Ibaratnya, kalau perusahaan PMA itu membeli nikel dari pemerintah Indonesia, perusahaan itu dipersilakan mengambil sendiri dan membayar sesuai yang dia mau; enak betul, ya…
– Payment in any other forms?… could be, but only God knows…
– Multiplier Effect?… mungkin ada pasti tidak besar; semua bahan untuk membangun infrastruktur dan operasional perusahaan, sejauh dimungkinkan, menggunakan produk dan teknologi China dan jasa subkontraktor juga didatangkan dari negeri yang sama.
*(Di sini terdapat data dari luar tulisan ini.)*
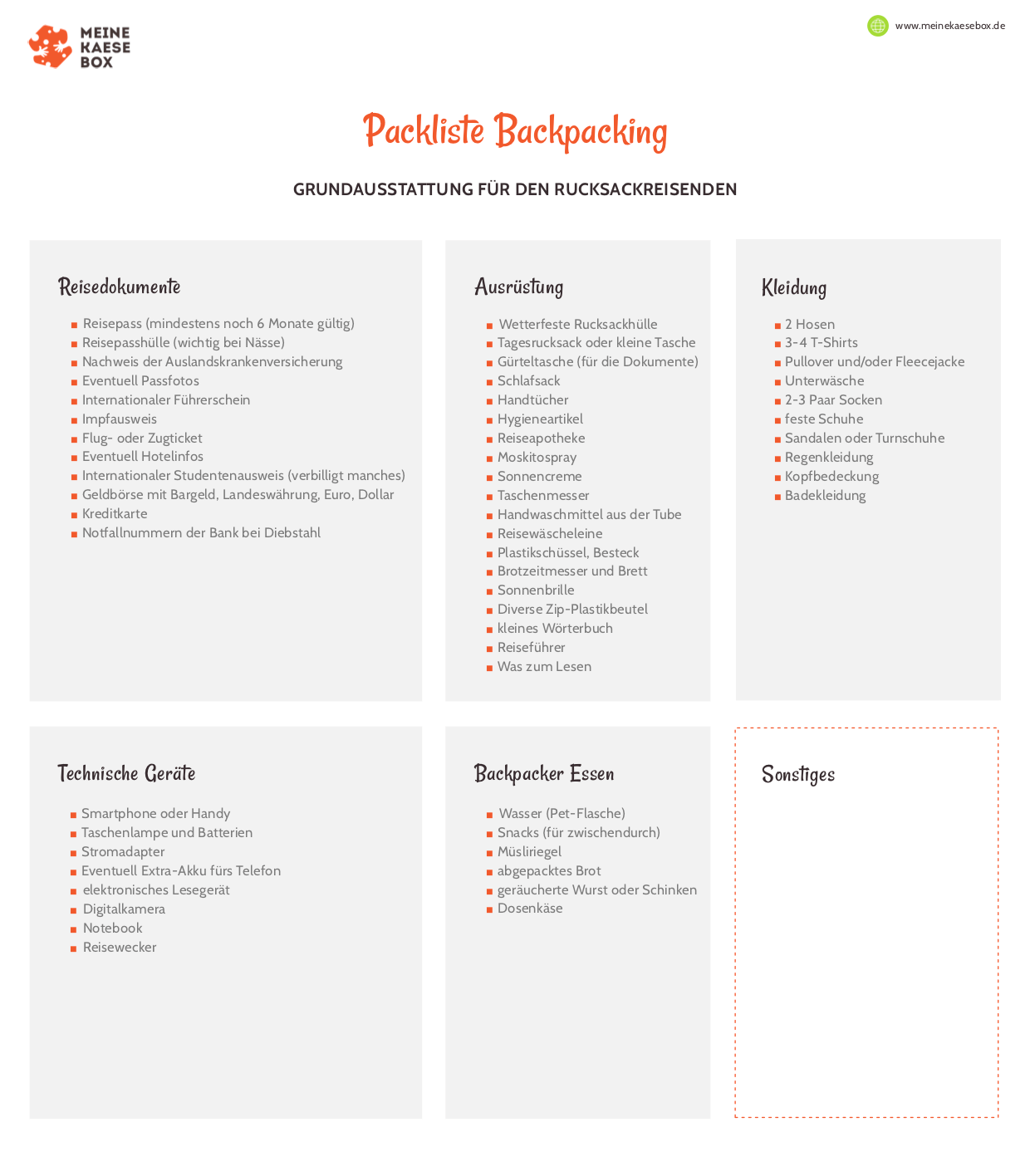 Die Backpacking Packliste PDF-Datei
Jadi kalaupun ada multiplier effect, akan lebih banyak terjadi di China, bukan di Indonesia.
Walhasil kekaguman saya disaat mengamati kehebatan warga RRC dalam kasus di atas, tiba tiba berubah menjadi kedongkolan luarbiasa, yaitu ketika saya melihat dari sisi Indonesia sebagai pemilik sumberdaya alam. “Kebaikan hati” pemerintah yang menyambut investor dengan karpet merah, untuk mengeruk SDA milik kita Bangsa Indonesia for only little compensation itu telah membuat saya marah.!!!
SADARKAH KITA?
- Awalnya Kerjasama usaha…(done).
- Masuk tenaga kerja china sebanyak banyaknya di PT PMA…(done).
- Lalu bikin “Keamanan” sendiri..pribumi sulit masuk. (done).
- Bikin Daerah/ kavlingTerbatas sendiri…pribumi sulit kontrol (done).
- Lalu boleh mendirikan Ormas asing, bikin pasukkan/ Satgas sendiri… (on progress).
- Lalu Asing boleh beli Property n Tanah sendiri… lalu dpt ktp dan hak ikut pemilu (done).
- Selanjutnya lagi digodok boleh Dwi kewarganegaraan negaraan… (on progress).
- Acuan mata Uang di alihkan ke mata uang china. (on progress).
- Dan terus bikin Partai sendiri… (on progress).
- Next ikut Pemilu, dibanjiri uang. Menang! (on progress).
- Presiden Asing… (on progress)
- Awal “Penjajahan” dimulai. UUD banyak dirubah. Karena kekuasaan mutlak ada di Presiden…(on progress).
- Peperangan dan perpecahan akhirnya menjadi reality… (target).
- End of Republic…(End).
Namun, sangat disayangkan pejabat sibuk memperkaya diri….wakil di DPR juga tidak terdengar gaungnya. Generasi muda hanya sibuk dengan gadgetnya.. Pembaca, masih ada waktu untuk mempertahankan NKRI. Jika bukan kita yang membela NKRI, maka siapa lagi.